Aquellas palabras (eso de “comer” su carne y
“beber” su sangre) resultaban fuertes y escandalosas, duras, para muchos de los
“discípulos” que le seguían: “Este modo de hablar es duro, ¿quién puede hacerle
caso?”. Jesús no intenta convencerlos ni trata de explicar su discurso. Por el
contrario, se reitera en lo dicho y les increpa: “¿Esto os hace vacilar?, ¿y si
vierais al Hijo del hombre subir a donde estaba antes? El Espíritu es quien da
vida; la carne no sirve de nada. Las palabras que os he dicho son espíritu y
vida. Y con todo, algunos de vosotros no creen. Por eso os he dicho que nadie
puede venir a mí, si el Padre no se lo concede”. Esas palabras hicieron que
muchos discípulos suyos se echaran atrás y dejaran de seguirle.
Entonces Jesús se viró hacia donde estaban los
Doce (trato de imaginarme la escena) y les lanza un desafío: “¿También ustedes
quieren marcharse?” Como siempre, Simón Pedro tomó la palabra e hizo una
profesión de fe: “Señor, ¿a quién vamos a acudir? Tú tienes palabras de vida
eterna; nosotros creemos y sabemos que tú eres el Santo consagrado por Dios”.

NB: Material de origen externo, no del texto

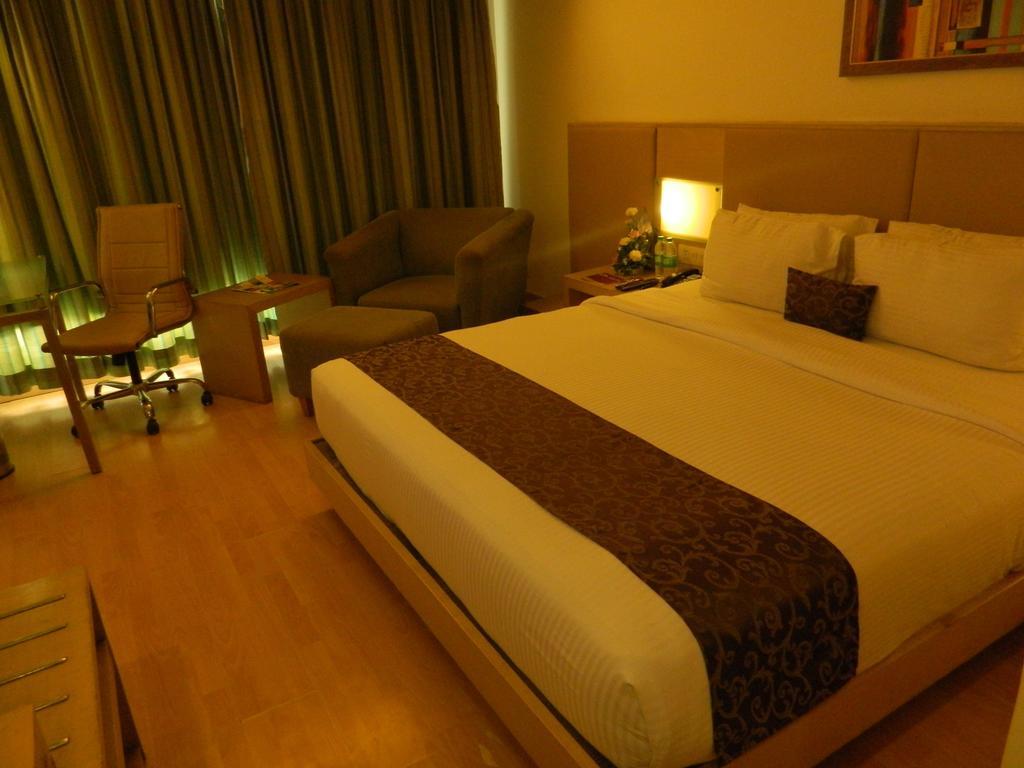 Park Maple Hotel Амритсар Екстериор снимка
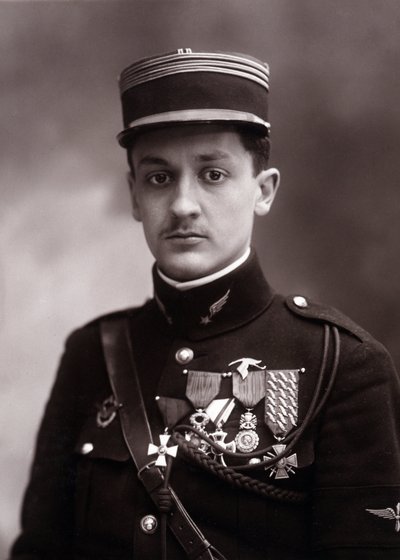 Ensimmäisessä maailmansodassa 1914-1918 kuolleen ranskalaisen sotalentäjän Georges Guynemerin (1894-1917) muotokuva (kuva) tekijältä Nadar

Las palabras de Jesús siempre son motivo de
controversia. Ya el anciano Simeón lo había profetizado desde el comienzo (Lc
2,34). Y hoy día no es diferente. Su seguimiento es exigente, duro, el estilo
de vida que implica está reñido con los gustos, las tendencias y el hedonismo del
mundo actual. Seguir a Jesús implica hacerse uno con Él, “comer su carne”, no
solo en la Eucaristía, sino también participar de su encarnación, y “beber la
sangre” de su sacrificio.
Los que queremos perseverar, los que queremos
permanecer fieles a Él, necesitamos comer constantemente de ese “pan de Vida”,
no solo en la mesa de la Eucaristía, sino también en la mesa de la Palabra, que
es también fuente de vida eterna: “¿a quién vamos a acudir? Tú tienes palabras
de vida eterna”.
En la Eucaristía encontramos alimento, y en la
Palabra el aliento y el consuelo que nos permite continuar en el camino a la
Vida eterna que Él regala de balde a los que comemos de su cuerpo y bebemos de
su sangre.
Él siempre tiene la mesa de la Eucaristía y la
mesa de la Palabra dispuestas para ti.
Hemos estado leyendo como primera lectura el
libro de los Hechos de los Apóstoles. Durante esta semana hemos sido testigos
de la predicación y martirio de Esteban, y cómo tras su muerte se recrudeció la
persecución contra los discípulos de Jesús, lo que hizo que estos abandonaran
la ciudad de Jerusalén y comenzaran a evangelizar en Judea y Samaria. Luego
vimos a Felipe convertir y bautizar al funcionario de la reina de Etiopía en el
camino a Gaza, para de allí seguir llevando la Buena Noticia hasta el mismo
corazón de África, en lo que hoy día es Sudán. Ese celo apostólico encendido
por la fe Pascual y el poder del Espíritu Santo que llevaría a los discípulos a
evangelizar el mundo entero.
En la lectura de hoy (Hc 9,1-20) vemos a Dios,
en su infinita sabiduría que rebasa toda comprensión humana, colocar la última
pieza del rompecabezas para configurar su plan de salvación. Esta lectura nos
narra la conversión de san Pablo. Esa fue precisamente la persona que Jesús, en
su sabia “necedad”, escogió para ser el “súper apóstol” que necesitaba para que
su Iglesia, pequeña como un grano de mostaza, extendiera sus ramas hasta los
confines de la tierra.
¿Qué ocurrió en ese instante enceguecedor en
que Saulo cayó en tierra, que le hizo entregarse a la causa de Jesús? Nunca lo
sabremos, pero de lo que yo estoy seguro es que Jesús le mostró a Pablo en ese
instante un Amor como no había conocido jamás, y en ese momento Saulo conoció
la Verdad, que como hemos dicho en ocasiones anteriores, es el Amor
incondicional que Dios nos tiene. El impacto de ese Amor fue tal, que Pablo
experimentó una conversión instantánea. Ya no había marcha atrás; había
conocido el Amor de Dios, y ese Amor lo impulsó, lo obligó a compartirlo; no pudo
evitarlo, era una fuerza superior a la de él.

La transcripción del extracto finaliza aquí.